The Alpha AXP, part 1: Initial plunge

Since the Itanium series was such a smash hit (two whole people read it!), here’s another series for a now-defunct processor architecture which Windows once supported. The next who-knows-how-many days will be devoted to an introduction to the Alpha AXP processor, as employed by Win32.

The Alpha AXP follows in the traditional RISC philosophy of having a relatively small and uniform instruction set. The first Alpha AXP chip was dual-issue, and it eventually reached quad-issue. (There was an eight-issue processor under development when the Alpha AXP project was cancelled.) This series will focus on the original Alpha AXP architecture because that’s what Windows NT for Alpha AXP ran on, and it will largely ignore features added later.

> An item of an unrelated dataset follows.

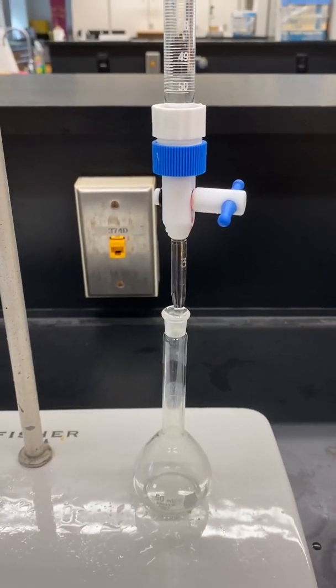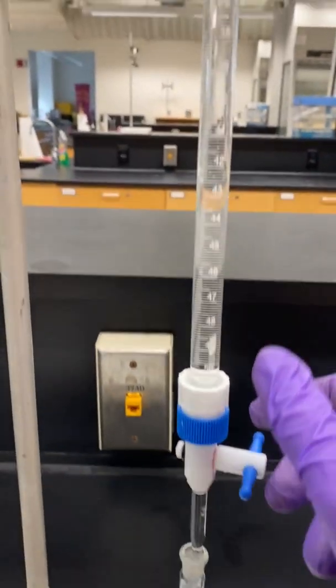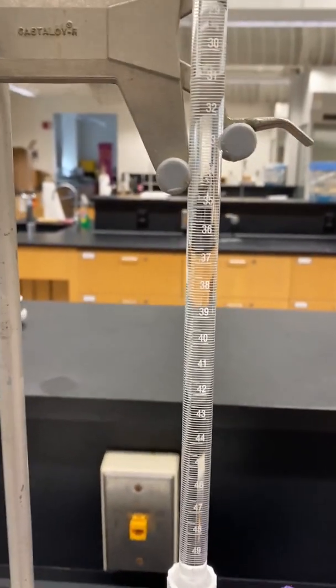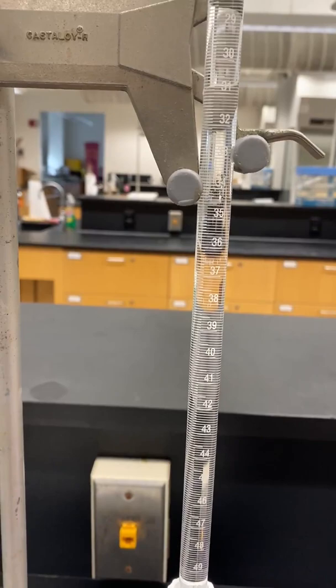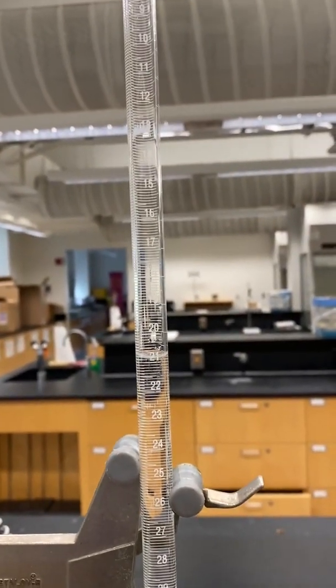Using a clean, dry 50-milliliter volumetric flask, add the appropriate volume of Stock 2 from the burette into the volumetric flask. For solution number A, we want to add 1 milliliter, so we would drain from 20 down to 21 milliliters.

The Alpha AXP is a 64-bit processor. It does not have “32-bit mode”; the processor is always running in 64-bit mode. If the destination of a 32-bit operation is a register, the answer is always sign-extended to a 64-bit value. (This is known as the “canonical form” for a 32-bit value in a 64-bit register.) This one weird trick lets you close one eye and sort of pretend that it’s a 32-bit processor. An Alpha AXP program running on 32-bit Windows NT still has full access to the 64-bit registers and can use them to perform 64-bit computations. It could even use the full 64-bit address space, if you were willing to jump through some hoops.

Each instruction is a 32-bit word, aligned on a 4-byte boundary. Unlike other RISC processors of its era, the Alpha AXP does not have branch delay slots. If you don’t know what branch delay slots are, then consider yourself lucky.

Memory size terms in the Alpha AXP instruction set are byte, word (two bytes), longword (four bytes), and quadword (eight bytes).¹ In casual conversation, longword and quadword are usually shortened long and quad.

The Alpha AXP defines certain groups of instructions which are optional, such as floating point. If you perform an instruction which is not implemented by the processor, the instruction will trap into the kernel, and the kernel is expected to emulate the missing instruction, and then resume execution.

Registers

There are 32 integer registers, all 64 bits wide. Formally, they are known by the names r0 through r31, but Win32 assigns them the following mnemonics which correspond to their use in the Win32 calling convention.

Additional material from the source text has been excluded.